I opened a Canadian HSBC account since they provide that service across borders. Think it costs £100 though if you have a basic account (mine was free of charge since I have their top tier account)

There may be others, but most people I know open them once there... my cousin works for Scotia Bank in Montreal and says it's instant once you get there (but guess you already know this info)


----------



## Brockthebadger (May 11, 2012)

Hi
We opened an RBC account from England without issue except we could put money in but no withdrawals until we arrived. We made an appointment for the day after we landed and everything was ready for us at no charge.

Good luck


----------



## mikejb (Mar 12, 2012)

Without doubt the HSBC would be the best choice for you right now. In my experience, contrary to the comment above, because of money laundering etc , One of the requirements for all Canadian banks is you have to be physically present when opening an account. The HSBC allows this in as much as it is a true 'world bank.

I'd therefore suggest you go the HSBC route for now and as and when you get here, you can make changes how you wish

Mike


----------



## JimJams (Jan 11, 2010)

mikejb said:


> Without doubt the HSBC would be the best choice for you right now. In my experience, contrary to the comment above, because of money laundering etc , One of the requirements for all Canadian banks is you have to be physically present when opening an account. The HSBC allows this in as much as it is a true 'world bank.
> 
> I'd therefore suggest you go the HSBC route for now and as and when you get here, you can make changes how you wish
> 
> Mike


It really would depend on whether they currently have an HSBC bank account though... If not just take some cash with you, open an account the day you land and transfer the money online.

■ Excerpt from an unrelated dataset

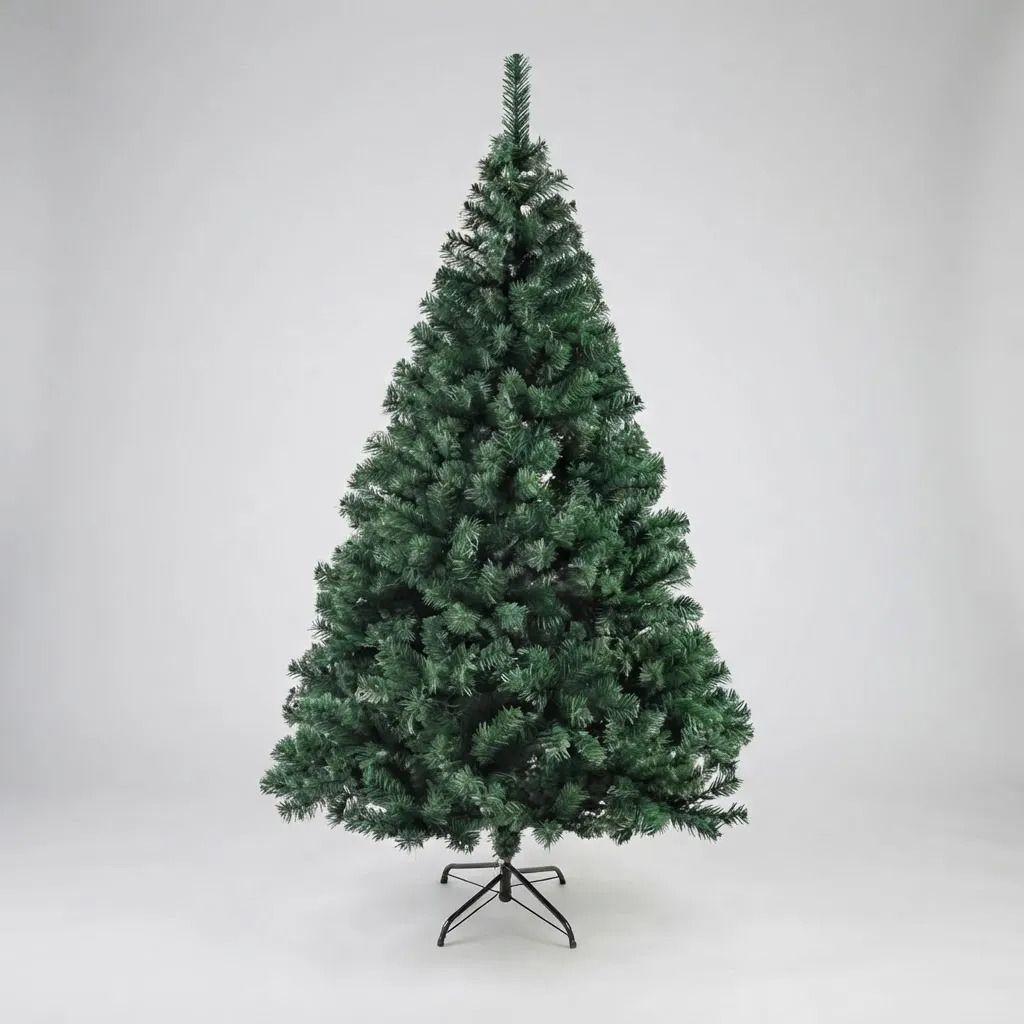 Arbol De Navidad Frondoso Artificial 210 Cm Verde Con Base Verde-4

Certainly what Brockthebadger says is true for Australia, but not sure whether it is still the same for Canada...


----------



## mikejb (Mar 12, 2012)

Yes you are probably right in that they need an HSBC account prior to travelling to Canada or they open one up in Ireland having pointed out to the bank their plans and their reasoning behind it. I can;t see there being a problem with that

As of 8 plus years ago when I tried opening a bank account in BC Canada (I am unsure if the banking codes remains constant throughout the whole of Canada) The banks were adamant the individual HAD to be present in order to open an account, regardless of paying money in being the option.

Before that it might well be the banks operated differently.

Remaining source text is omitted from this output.